=== Section Start ===
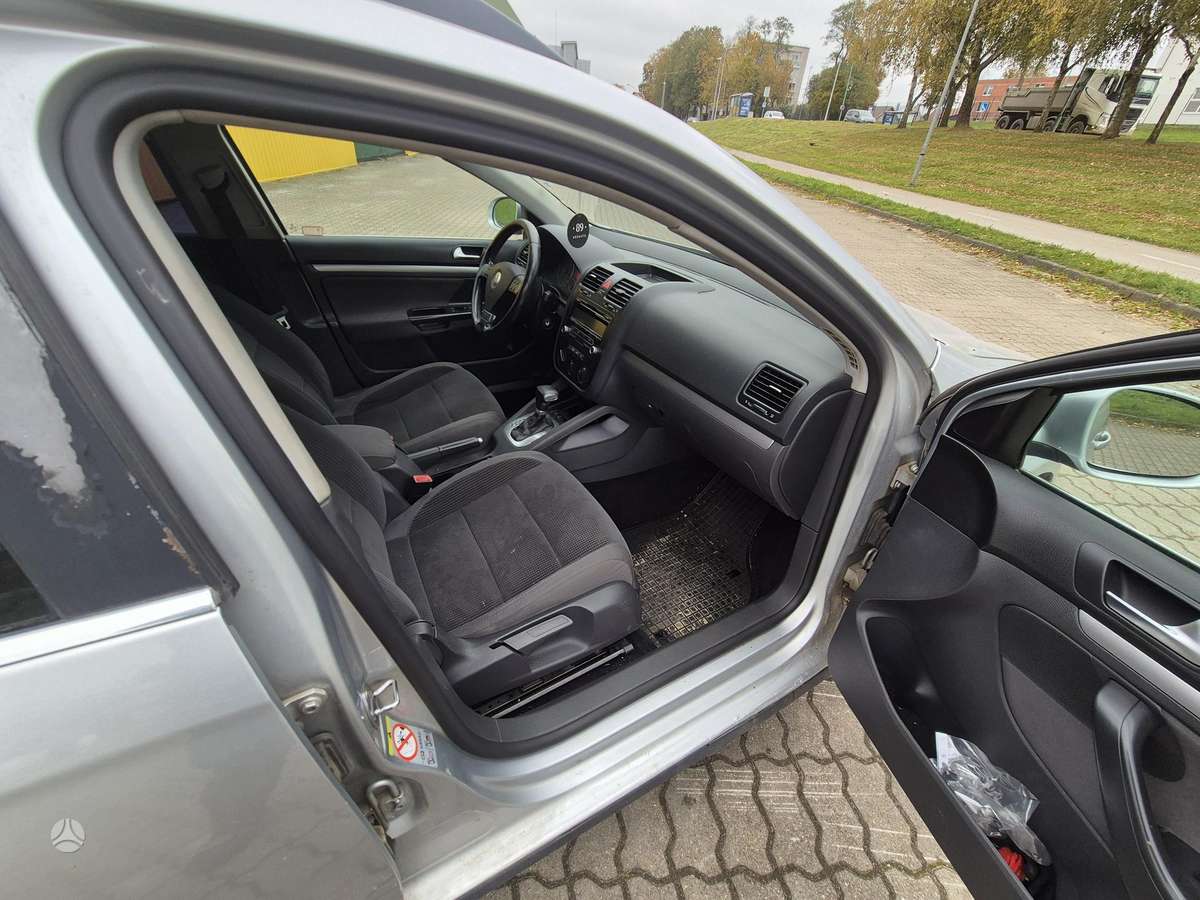 Volkswagen Golf 2008 — photo 28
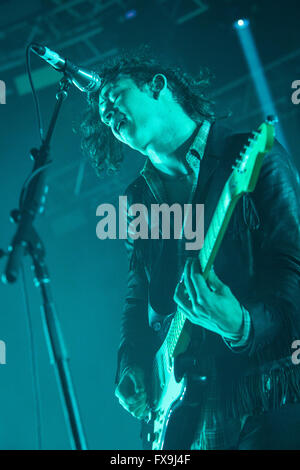 Milan Italie. 12 avril 2016. Le groupe de rock alternatif anglais le 1975 il se produit sur scène à Fabrique de présenter leur nouvel album 'J'aime quand vous dormez vous êtes si beau et pourtant si ignore' Credit : Rodolfo Sassano/Alamy Live News Banque D'Images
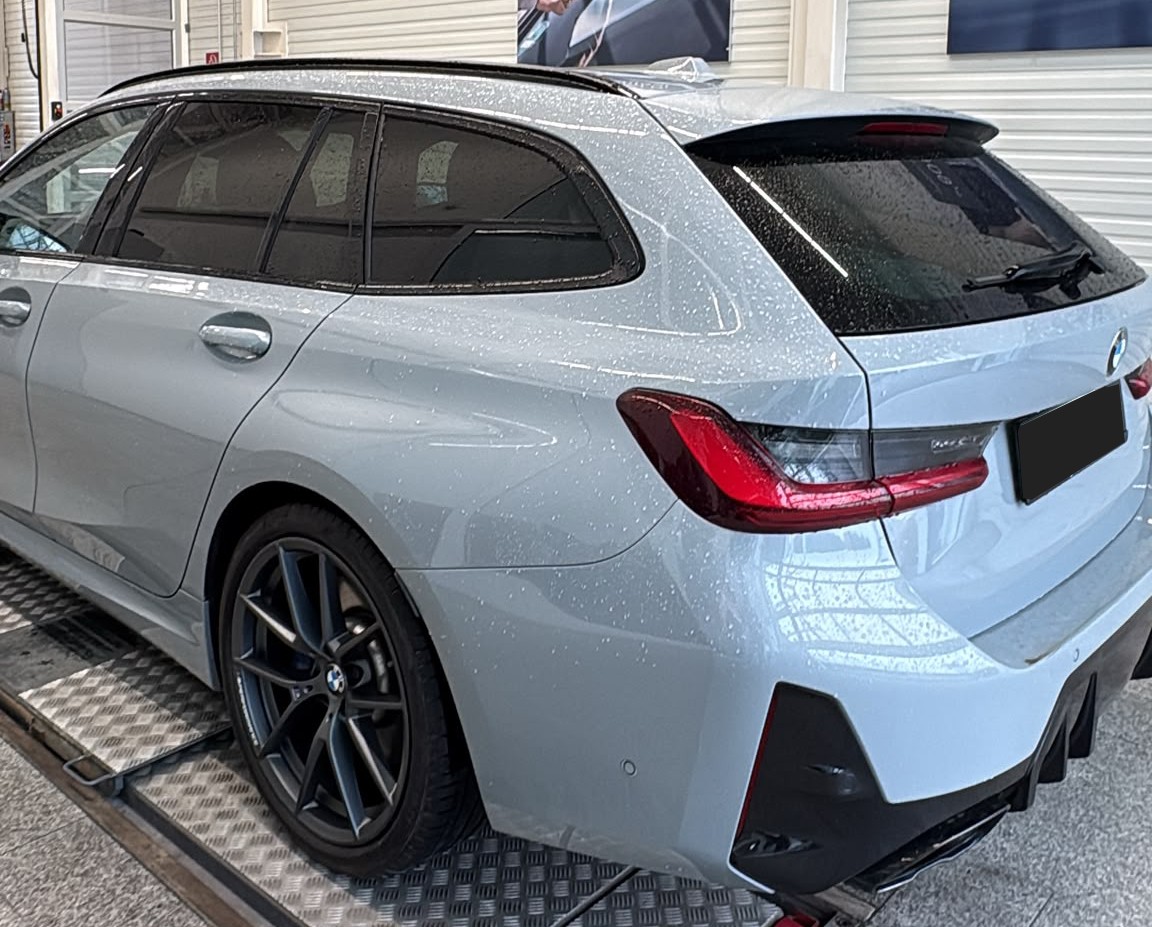BMW M340i xDrive 48V Touring Steptronic M Performance-showroom-element-2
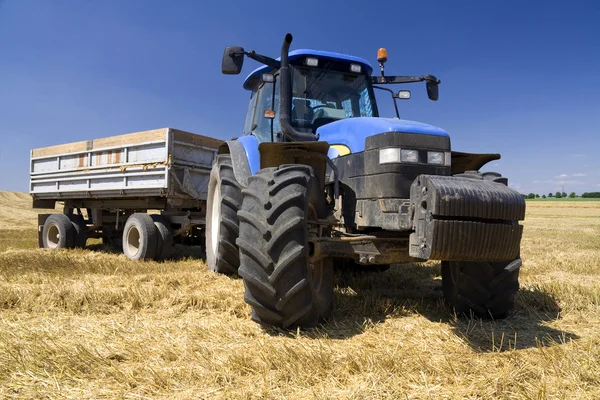 Landwirtschaft - Traktor — Stockfoto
=== Section End ===
Repeat the material verbatim but without any of its pictures.

 Volkswagen Golf 2008 — photo 28
 Milan Italie. 12 avril 2016. Le groupe de rock alternatif anglais le 1975 il se produit sur scène à Fabrique de présenter leur nouvel album 'J'aime quand vous dormez vous êtes si beau et pourtant si ignore' Credit : Rodolfo Sassano/Alamy Live News Banque D'Images
BMW M340i xDrive 48V Touring Steptronic M Performance-showroom-element-2
 Landwirtschaft - Traktor — Stockfoto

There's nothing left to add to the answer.